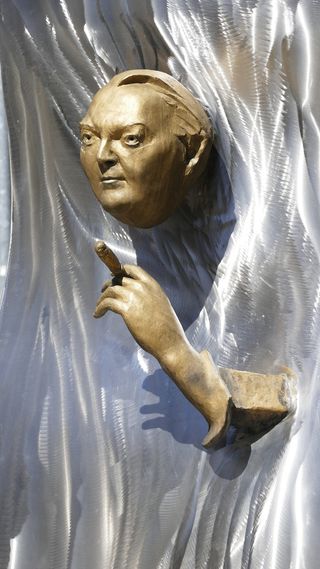 艺术，青铜，雕塑，雕像，艺术品，铜像，纪念碑，名胜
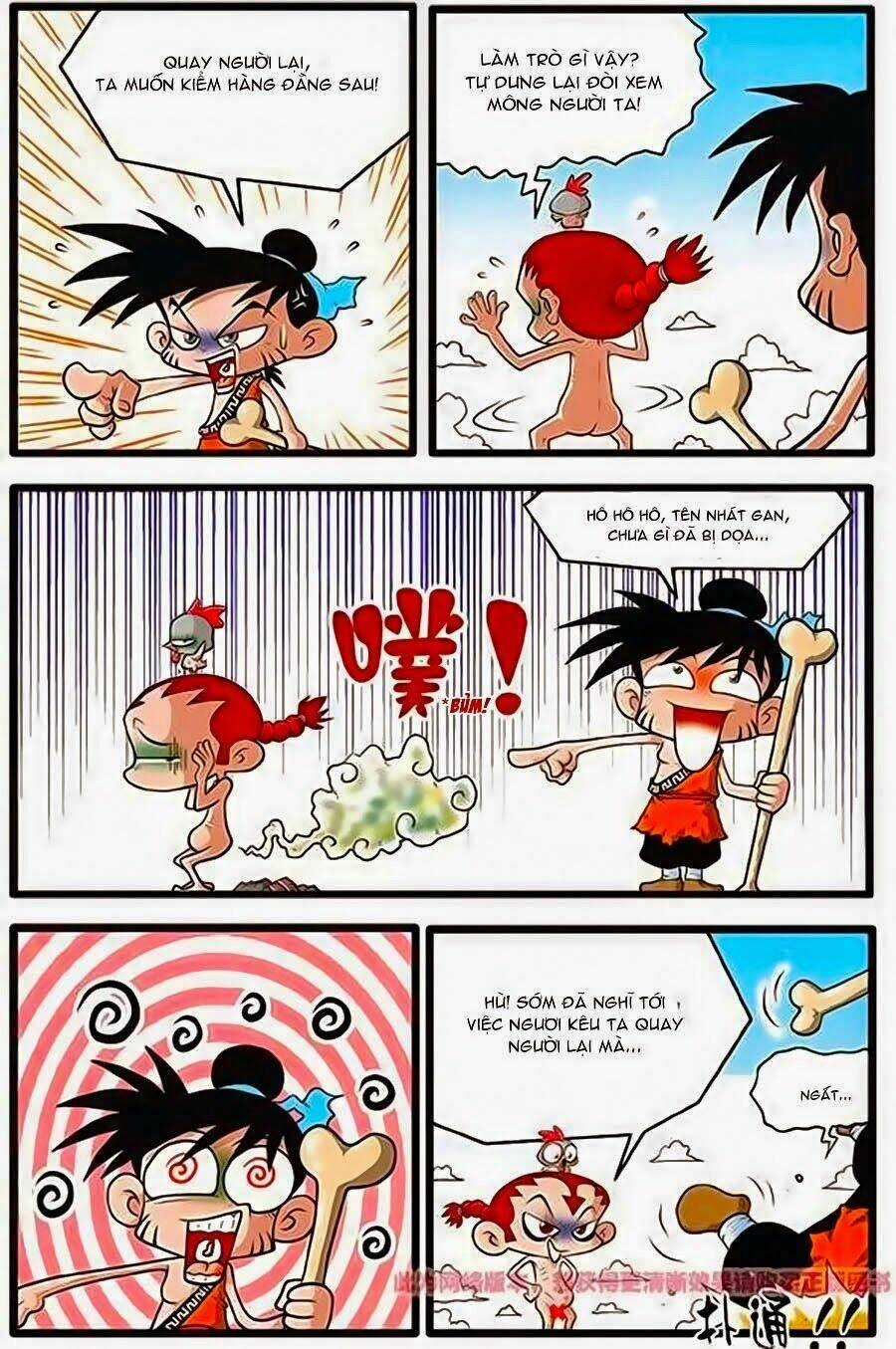 Thần Tinh Bảng Chapter 3 trang 21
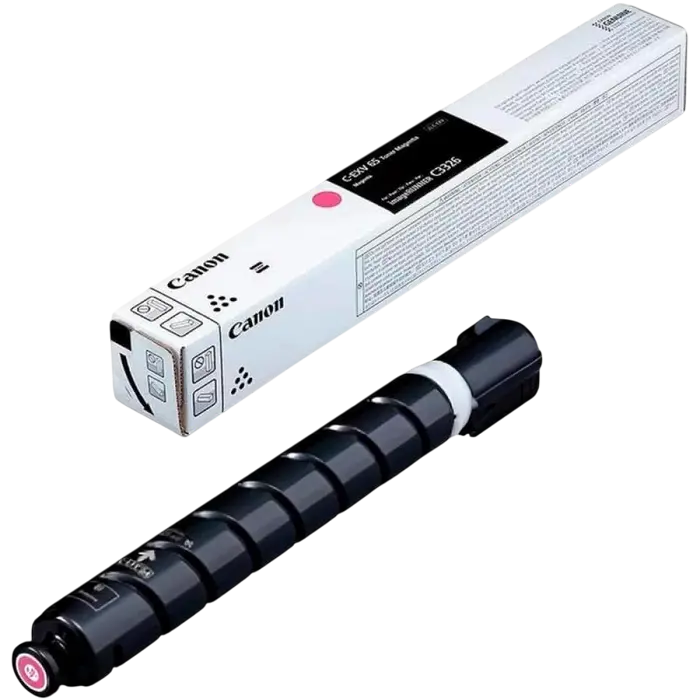 Toner Canon C-EXV65, Magenta..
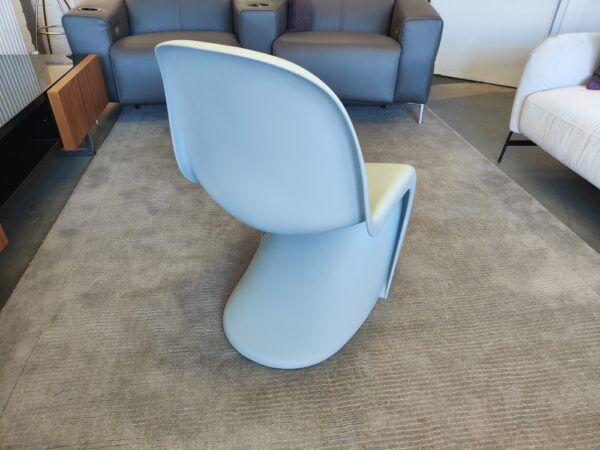 Vitra Panton Chair in Ice Grey Ex Display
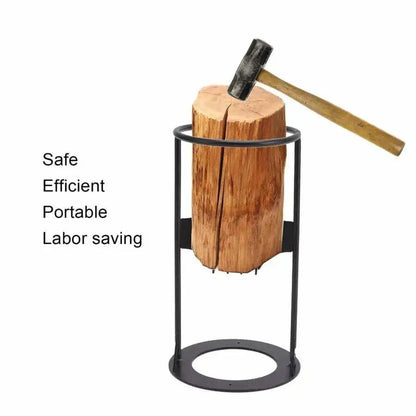 Heavy Duty Log Splitter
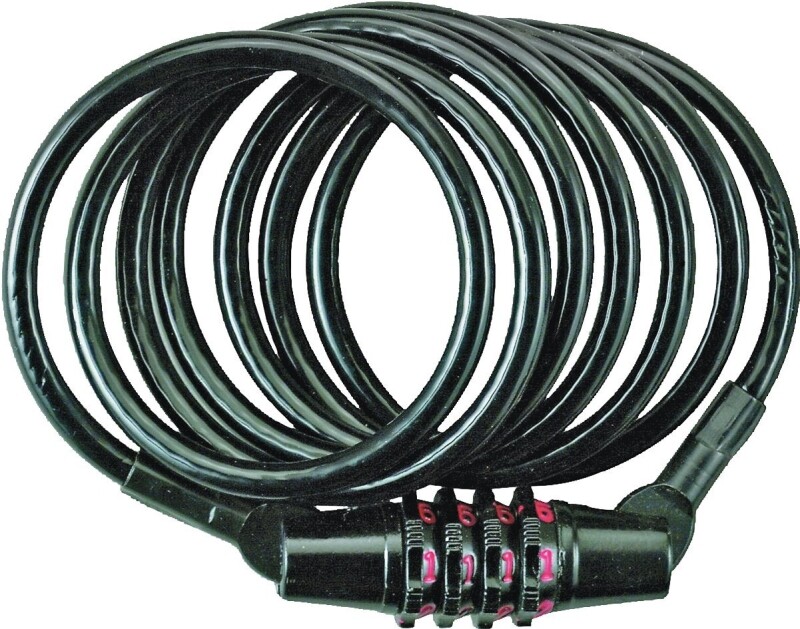 Master Lock 8143D Bike Lock Cable with Combination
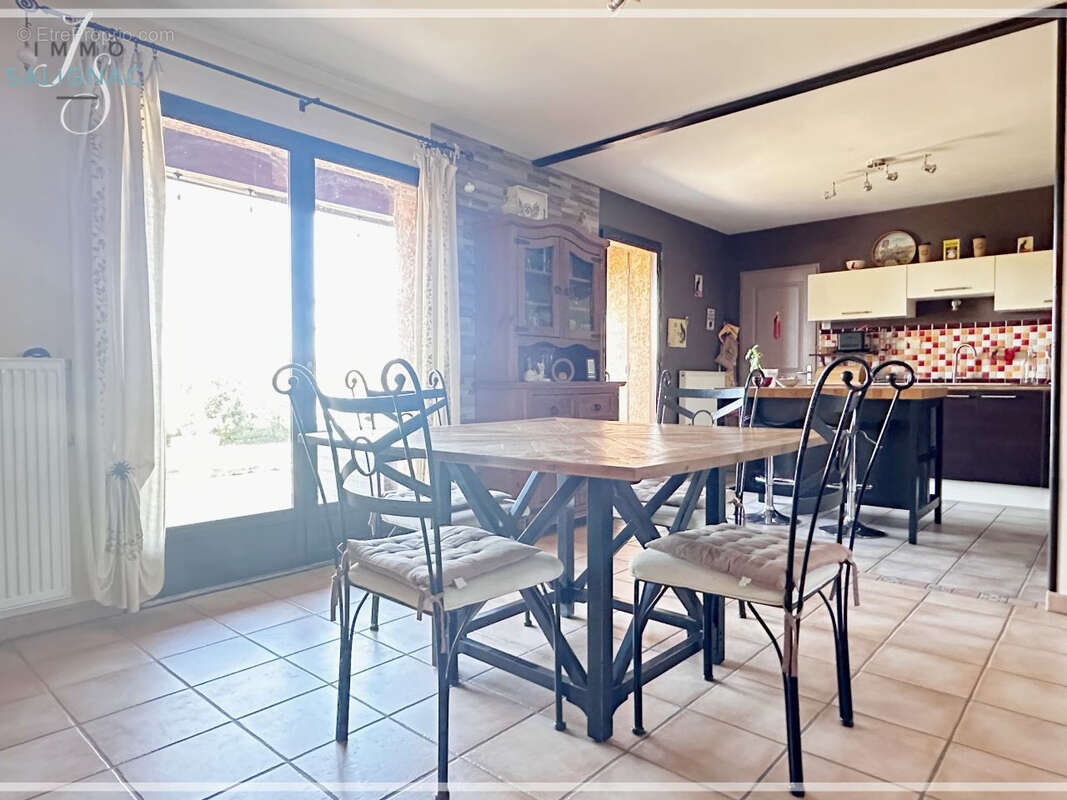 Maison à SAINT-ANDRE-SUR-VIEUX-JONC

☆ ☆ ☆ ☆ ☆

Activity -
Please copy exactly, and only, the lines from the one that contains "Toner Canon C-EXV65, Magenta.." through the last line of the data above, omitting all pictures.

Solution to the exercise -
 Toner Canon C-EXV65, Magenta..
 Vitra Panton Chair in Ice Grey Ex Display
 Heavy Duty Log Splitter
 Master Lock 8143D Bike Lock Cable with Combination
 Maison à SAINT-ANDRE-SUR-VIEUX-JONC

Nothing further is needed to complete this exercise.